- _Data extract_:
--- START ---
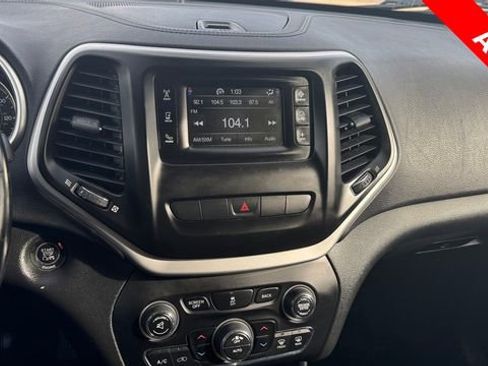 Used 2014 Jeep Cherokee Latitude w/ Comfort/Convenience Group image 24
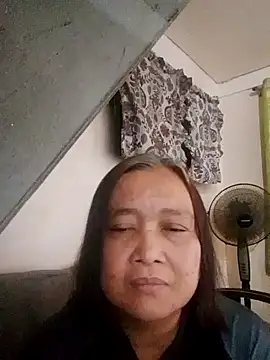 jeanyummytits online show from May 3, 2026, 11:30 pm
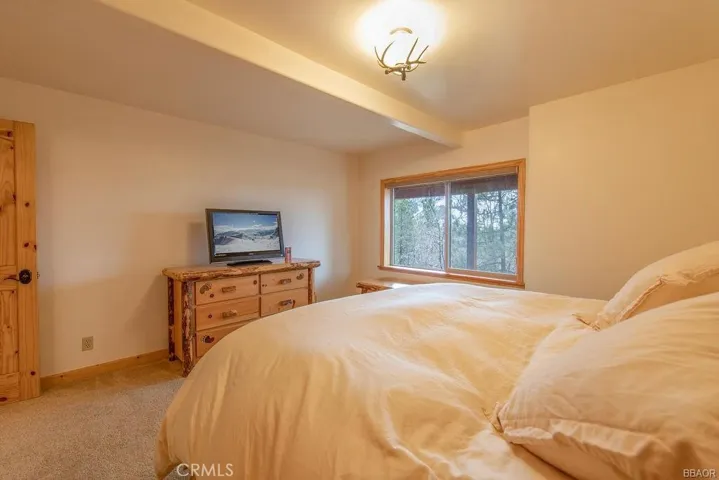 43478 Sheephorn Road, Big Bear Lake, California 92315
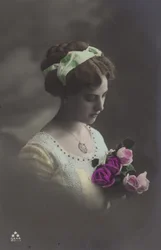 Mädchen, das in einen Rosenstrauß schaut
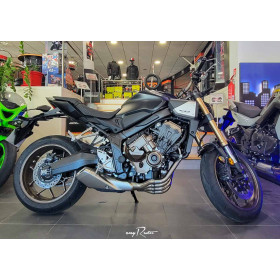 motorcycle rental Honda CB650R E-Clutch A2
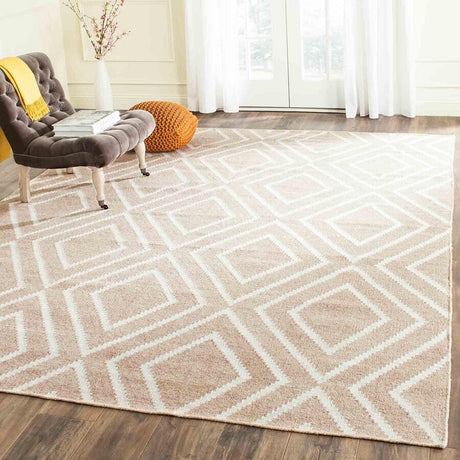 Safavieh Kilim Klm516G Ivory / Beige Rugs.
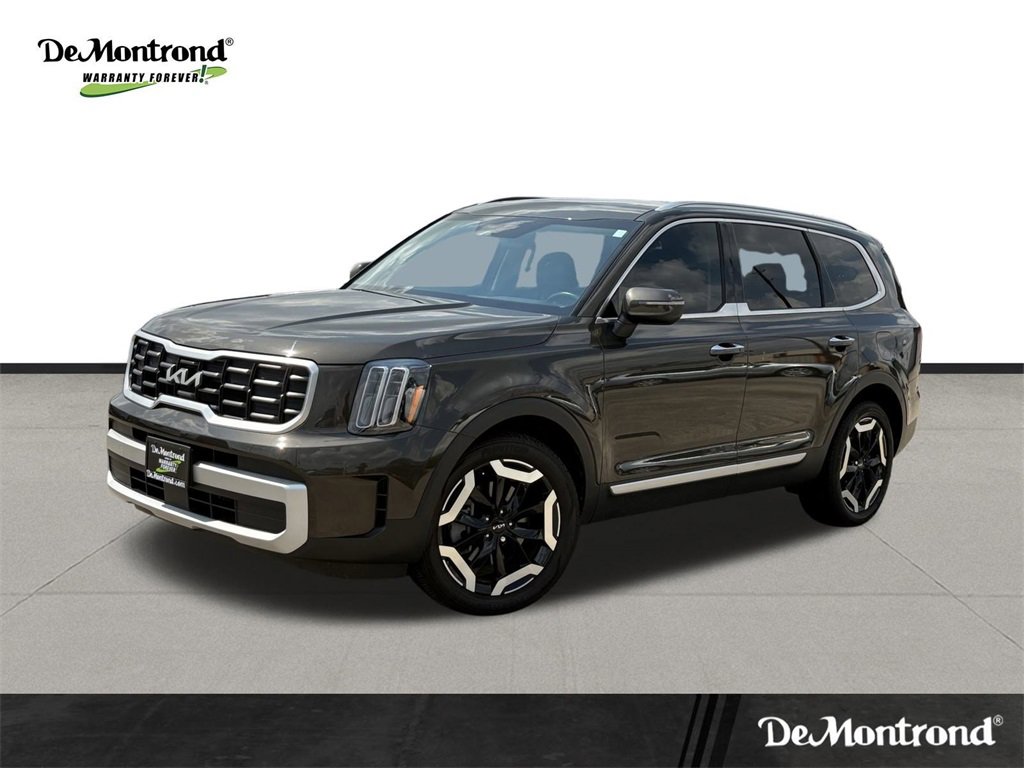 Used 2024 Kia Telluride S w/ S Sunroof Package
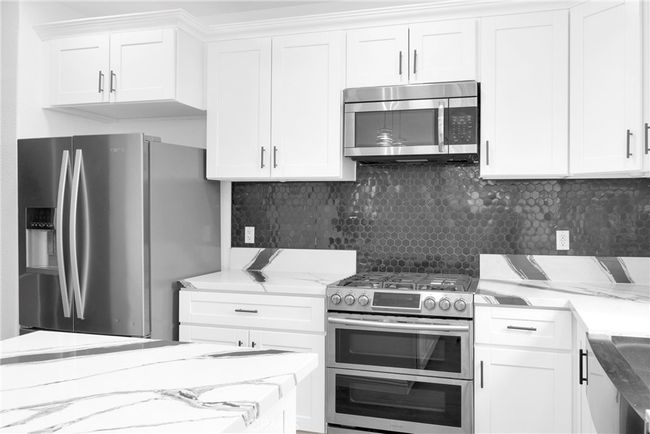 2216 Jeans Ct, House other with 3 bedrooms, 3 bathrooms and 2 parking in Signal Hill CA | Image 26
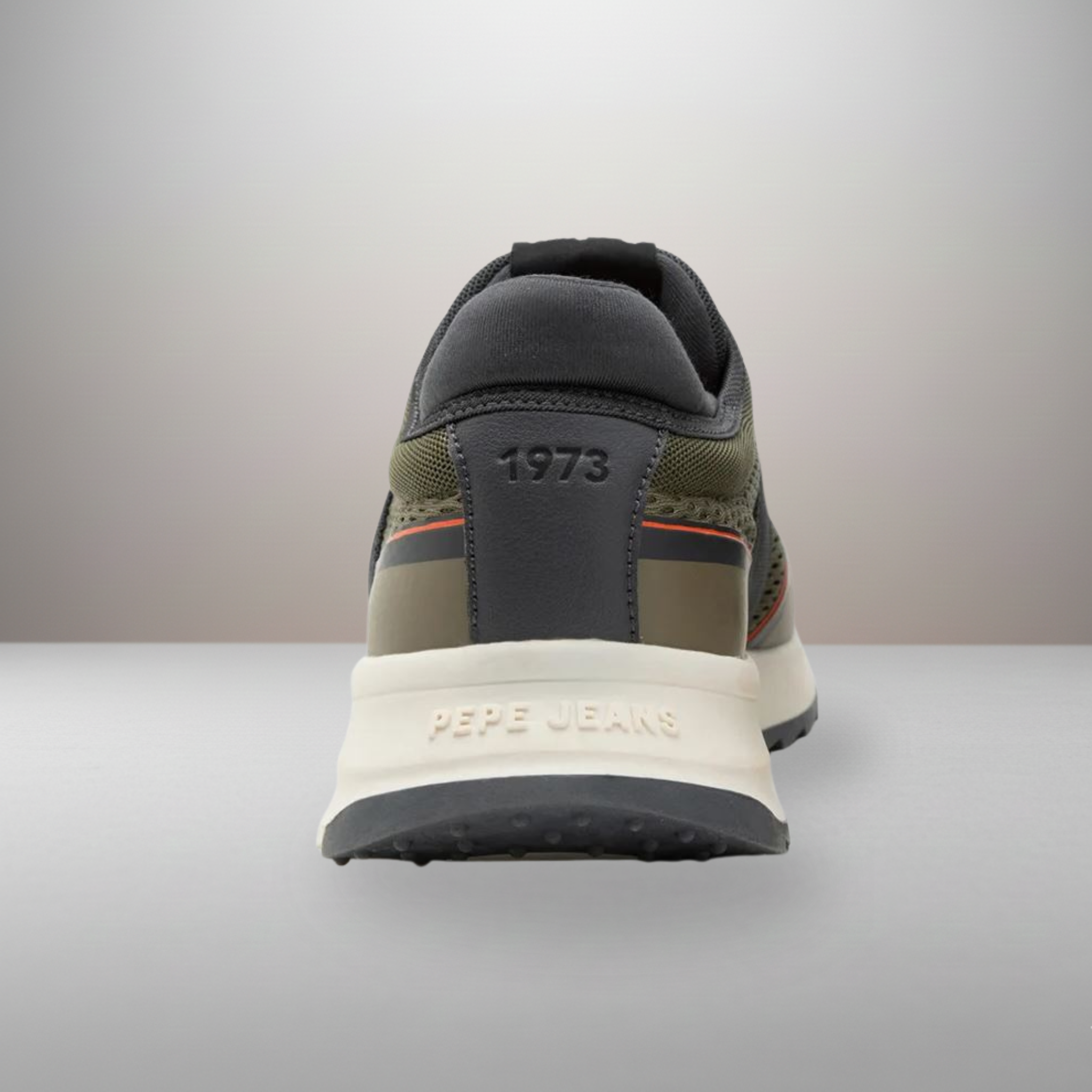 Zapatillas Pepe Jeans One caqui talla 45 vista trasera del talón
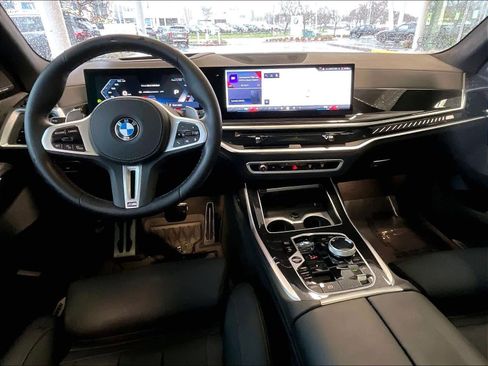Used 2025 BMW X7 M60i image 18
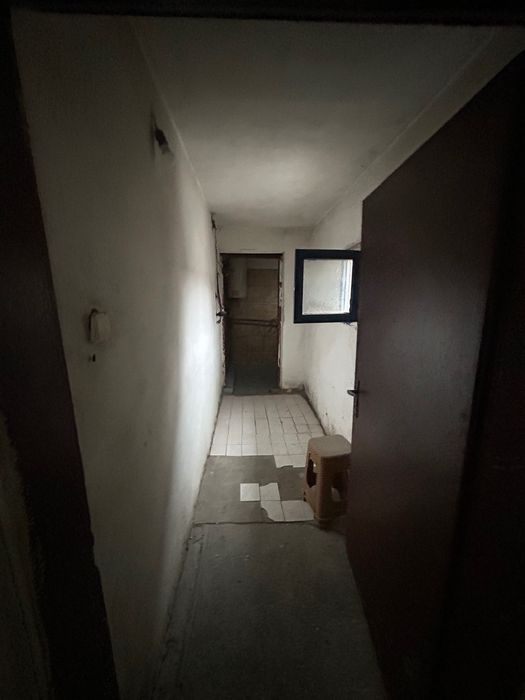 Къща на 2 етажа с мазе, гараж и кладенец – с. Крушето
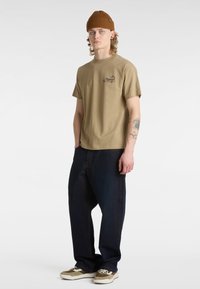 Vans STING WAGON - Triko s potiskem - olive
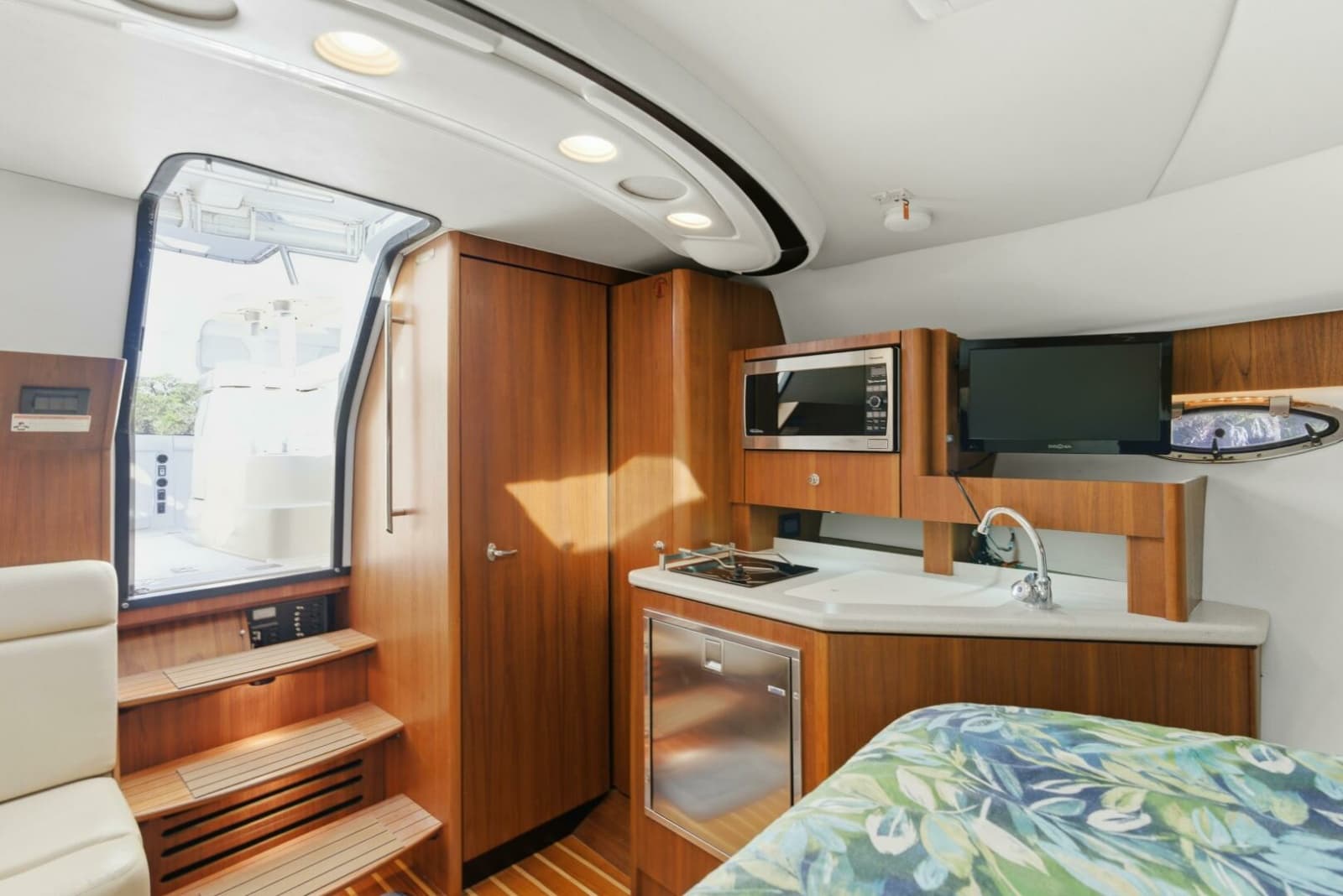 2011 Tiara Yachts 3100 Open - Photo 24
--- END ---
- _Task to carry out_:
Set out exactly, and only, the lines between the first line of the listing and the line containing "Vans STING WAGON - Triko s potiskem - olive", counting both, while leaving every picture out.

- _Result for this exercise_:
 Used 2014 Jeep Cherokee Latitude w/ Comfort/Convenience Group image 24
 jeanyummytits online show from May 3, 2026, 11:30 pm
 43478 Sheephorn Road, Big Bear Lake, California 92315
 Mädchen, das in einen Rosenstrauß schaut
 motorcycle rental Honda CB650R E-Clutch A2
 Safavieh Kilim Klm516G Ivory / Beige Rugs.
 Used 2024 Kia Telluride S w/ S Sunroof Package
 2216 Jeans Ct, House other with 3 bedrooms, 3 bathrooms and 2 parking in Signal Hill CA | Image 26
 Zapatillas Pepe Jeans One caqui talla 45 vista trasera del talón
Used 2025 BMW X7 M60i image 18
 Къща на 2 етажа с мазе, гараж и кладенец – с. Крушето
 Vans STING WAGON - Triko s potiskem - olive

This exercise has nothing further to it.